**About this exercise**. Only a slice of the listing below is wanted. Retype the lines from the one containing "Una cocina moderna" through the one containing "a gold tiara", exactly, both ends included.

**Provided material**.
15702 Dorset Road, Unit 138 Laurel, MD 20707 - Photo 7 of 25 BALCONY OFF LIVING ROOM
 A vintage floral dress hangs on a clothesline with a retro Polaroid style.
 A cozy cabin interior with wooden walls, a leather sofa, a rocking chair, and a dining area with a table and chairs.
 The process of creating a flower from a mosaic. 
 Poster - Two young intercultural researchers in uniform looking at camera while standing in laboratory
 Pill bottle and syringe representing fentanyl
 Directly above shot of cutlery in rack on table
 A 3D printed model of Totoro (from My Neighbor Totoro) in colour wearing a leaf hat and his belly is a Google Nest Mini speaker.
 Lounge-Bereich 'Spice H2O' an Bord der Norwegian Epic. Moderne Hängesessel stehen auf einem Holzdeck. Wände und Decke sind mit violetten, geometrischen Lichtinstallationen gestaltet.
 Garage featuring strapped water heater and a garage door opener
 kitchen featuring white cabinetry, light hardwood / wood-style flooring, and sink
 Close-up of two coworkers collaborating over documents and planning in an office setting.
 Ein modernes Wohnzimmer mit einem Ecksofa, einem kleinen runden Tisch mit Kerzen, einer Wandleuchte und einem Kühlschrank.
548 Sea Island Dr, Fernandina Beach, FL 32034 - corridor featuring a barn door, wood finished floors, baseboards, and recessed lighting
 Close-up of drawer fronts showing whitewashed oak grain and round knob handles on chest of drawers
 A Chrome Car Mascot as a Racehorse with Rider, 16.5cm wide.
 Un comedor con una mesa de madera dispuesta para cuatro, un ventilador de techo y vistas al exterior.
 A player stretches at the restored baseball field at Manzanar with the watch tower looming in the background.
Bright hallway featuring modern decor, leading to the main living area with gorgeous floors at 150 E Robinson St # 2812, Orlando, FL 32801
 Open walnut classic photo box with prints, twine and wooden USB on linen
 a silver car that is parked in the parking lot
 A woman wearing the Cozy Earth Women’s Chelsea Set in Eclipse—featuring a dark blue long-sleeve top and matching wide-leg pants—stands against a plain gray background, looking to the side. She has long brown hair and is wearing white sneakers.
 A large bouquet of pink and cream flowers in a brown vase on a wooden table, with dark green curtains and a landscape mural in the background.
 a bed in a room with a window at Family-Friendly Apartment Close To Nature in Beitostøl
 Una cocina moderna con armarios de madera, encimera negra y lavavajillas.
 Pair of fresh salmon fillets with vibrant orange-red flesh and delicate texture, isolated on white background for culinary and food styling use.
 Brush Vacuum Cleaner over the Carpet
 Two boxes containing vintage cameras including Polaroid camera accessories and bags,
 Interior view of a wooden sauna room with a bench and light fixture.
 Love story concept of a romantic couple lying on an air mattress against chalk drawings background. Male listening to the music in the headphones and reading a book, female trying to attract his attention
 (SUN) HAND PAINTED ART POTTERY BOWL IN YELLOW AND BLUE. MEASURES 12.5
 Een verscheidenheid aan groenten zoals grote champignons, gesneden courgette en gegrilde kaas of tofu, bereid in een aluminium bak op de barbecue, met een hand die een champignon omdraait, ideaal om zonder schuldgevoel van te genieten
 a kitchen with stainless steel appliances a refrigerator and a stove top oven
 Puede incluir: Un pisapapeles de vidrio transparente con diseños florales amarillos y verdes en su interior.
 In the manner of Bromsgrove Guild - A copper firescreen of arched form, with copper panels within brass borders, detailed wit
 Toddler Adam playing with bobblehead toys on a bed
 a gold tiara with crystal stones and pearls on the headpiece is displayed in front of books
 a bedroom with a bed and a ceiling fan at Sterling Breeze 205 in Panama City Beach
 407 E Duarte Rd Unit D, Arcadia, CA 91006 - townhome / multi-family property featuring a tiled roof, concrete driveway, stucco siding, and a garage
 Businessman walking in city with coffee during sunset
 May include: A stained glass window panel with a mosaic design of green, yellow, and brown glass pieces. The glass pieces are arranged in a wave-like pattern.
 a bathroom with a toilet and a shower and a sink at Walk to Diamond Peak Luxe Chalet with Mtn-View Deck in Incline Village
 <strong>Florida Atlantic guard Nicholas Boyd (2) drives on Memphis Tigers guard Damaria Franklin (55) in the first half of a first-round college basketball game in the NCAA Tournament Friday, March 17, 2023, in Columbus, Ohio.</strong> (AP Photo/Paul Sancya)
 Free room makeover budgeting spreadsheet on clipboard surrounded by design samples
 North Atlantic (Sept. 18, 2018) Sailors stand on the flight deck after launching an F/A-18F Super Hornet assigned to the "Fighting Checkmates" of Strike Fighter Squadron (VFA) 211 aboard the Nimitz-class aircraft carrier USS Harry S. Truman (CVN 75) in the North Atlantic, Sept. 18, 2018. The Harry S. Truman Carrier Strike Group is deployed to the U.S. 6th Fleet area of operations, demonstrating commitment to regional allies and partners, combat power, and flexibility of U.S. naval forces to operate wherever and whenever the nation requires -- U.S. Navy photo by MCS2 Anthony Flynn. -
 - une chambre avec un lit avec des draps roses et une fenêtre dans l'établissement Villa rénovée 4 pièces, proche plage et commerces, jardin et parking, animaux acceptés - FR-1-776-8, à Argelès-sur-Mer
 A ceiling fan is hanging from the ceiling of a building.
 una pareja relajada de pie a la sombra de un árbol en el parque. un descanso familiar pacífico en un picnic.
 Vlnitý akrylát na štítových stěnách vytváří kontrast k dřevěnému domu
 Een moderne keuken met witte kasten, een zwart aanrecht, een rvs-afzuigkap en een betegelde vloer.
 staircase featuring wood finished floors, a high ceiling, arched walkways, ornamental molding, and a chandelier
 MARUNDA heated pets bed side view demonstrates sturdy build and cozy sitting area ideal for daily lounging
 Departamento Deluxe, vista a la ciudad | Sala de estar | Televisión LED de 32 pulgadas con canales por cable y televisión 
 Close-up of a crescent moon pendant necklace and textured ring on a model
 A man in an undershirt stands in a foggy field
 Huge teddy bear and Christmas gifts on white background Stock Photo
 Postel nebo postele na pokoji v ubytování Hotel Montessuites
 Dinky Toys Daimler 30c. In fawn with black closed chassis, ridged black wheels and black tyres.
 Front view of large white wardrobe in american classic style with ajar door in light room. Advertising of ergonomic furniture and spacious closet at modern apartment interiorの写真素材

**Response to this exercise**.
 Una cocina moderna con armarios de madera, encimera negra y lavavajillas.
 Pair of fresh salmon fillets with vibrant orange-red flesh and delicate texture, isolated on white background for culinary and food styling use.
 Brush Vacuum Cleaner over the Carpet
 Two boxes containing vintage cameras including Polaroid camera accessories and bags,
 Interior view of a wooden sauna room with a bench and light fixture.
 Love story concept of a romantic couple lying on an air mattress against chalk drawings background. Male listening to the music in the headphones and reading a book, female trying to attract his attention
 (SUN) HAND PAINTED ART POTTERY BOWL IN YELLOW AND BLUE. MEASURES 12.5
 Een verscheidenheid aan groenten zoals grote champignons, gesneden courgette en gegrilde kaas of tofu, bereid in een aluminium bak op de barbecue, met een hand die een champignon omdraait, ideaal om zonder schuldgevoel van te genieten
 a kitchen with stainless steel appliances a refrigerator and a stove top oven
 Puede incluir: Un pisapapeles de vidrio transparente con diseños florales amarillos y verdes en su interior.
 In the manner of Bromsgrove Guild - A copper firescreen of arched form, with copper panels within brass borders, detailed wit
 Toddler Adam playing with bobblehead toys on a bed
 a gold tiara with crystal stones and pearls on the headpiece is displayed in front of books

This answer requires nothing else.